En la segunda parte de Musicofilia (Una musicalidad variada) Sacks repasa casos como la sinestesia musical, en la que el sujeto identifica notas o escalas con colores o sabores, una experiencia más habitual de lo sospechado. Esto enlaza con la presencia excepcional de personas con tono absoluto, capaces de identificar una nota de manera perfecta. Pero esta perfección puede perderse con facilidad lo que altera de manera definitiva la percepción musical del individuo que, en ocasiones, termina por no ser capaz de distinguir una simple armonía.
En Memoria, movimiento y música, Sacks destaca la conexión entre enfermedades como el Parkinson y la música como medio de mitigar sus manifestaciones más aparatosas o el síndrome de Tourette cuyos espasmos y tics parecen controlarse cuando el paciente se enfrenta a una actividad musical tal y como ya había relatado en obras anteriores. .
Parecida influencia parece ofrecer la música en el caso de la afasia, la incapacidad para el lenguaje (su emisión o comprensión) y que, sin embargo parece ser burlada cuando la música entra en juego.

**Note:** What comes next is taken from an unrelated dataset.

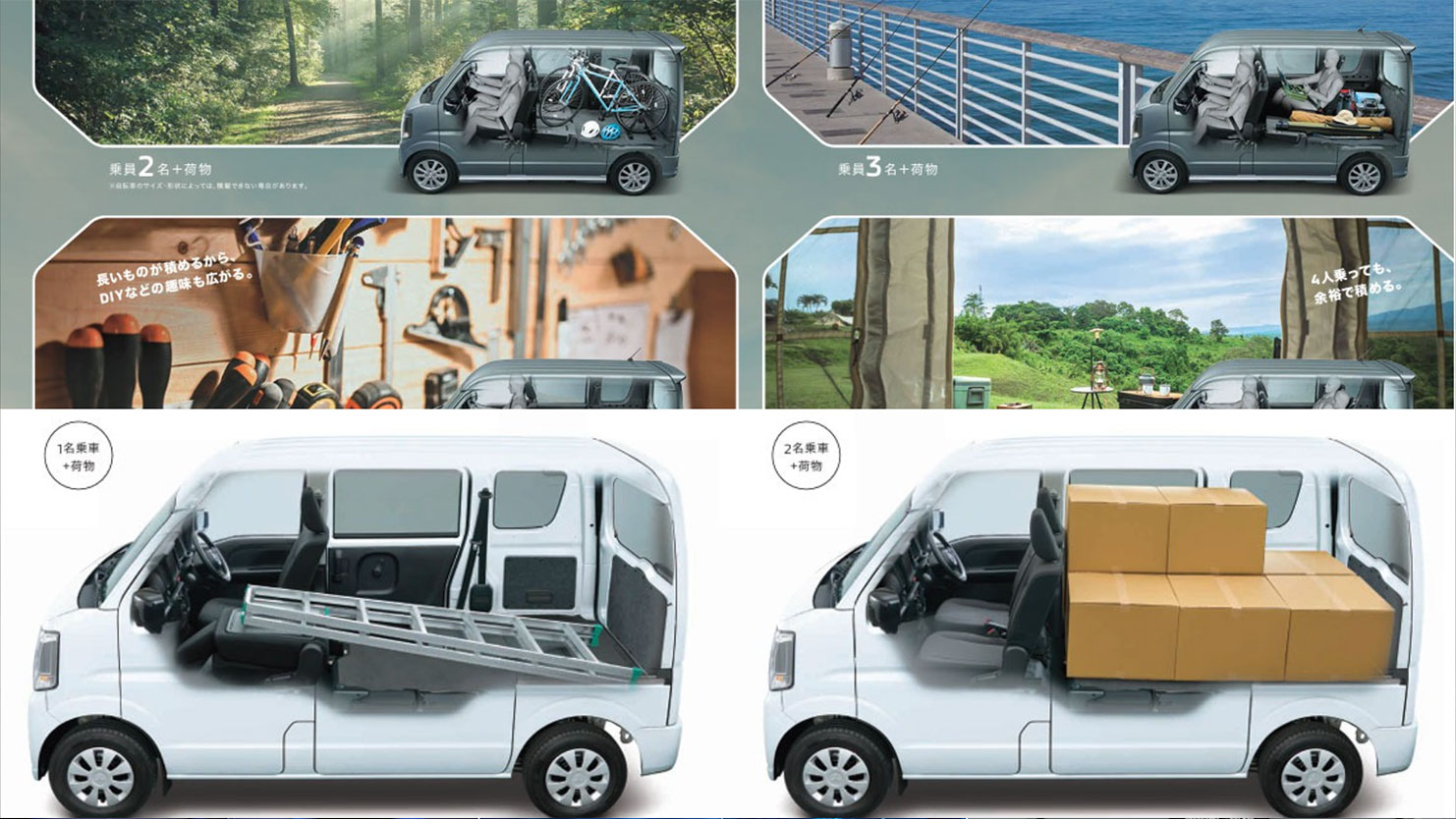 タウンボックス・ミニキャブバンのモデルチェンジ情報：2026年6月の一部改良と価格・グレードなど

Personas incapaces de pronunciar una frase completa pueden elaborar complicadas reflexiones empleando melodías conocidas.
Por último, en Emoción, Identidad y Música, el autor reflexiona sobre la depresión, los sueños musicales y otras interacciones entre los aspectos más sensitivos de nuestro espíritu y la música.
Los archivos de Oliver Sacks se nutren no sólo de su actividad clínica profesional sino de la inagotable correspondencia que los lectores de sus libros le hacen llegar con casos propios o de familiares y que, continuada en el tiempo, permite un estudio a medio y largo plazo realmente enriquecedor.
Musicofilia lleva por subtítulo Relatos de la música y el cerebro, y nada más apropiado para definir este libro que da cuenta con pasión y amor de todas las manifestaciones que la música tiene en nuestro cerebro, en muchas ocasiones aderezadas con anécdotas personales del propio autor o con referencias a célebres músicos o compositores.
No recomendaría este libro para quienes aún creen que poner a su hijo todas las noches la Pequeña serenata nocturna de Mozart hará a sus hijos más inteligentes. Sí para quienes crean que la música se puede disfrutar con pasión y racionalidad y que, escuchen a Satie o a los Ramones, sean capaces de vibrar con la combinación de 12 doce notas.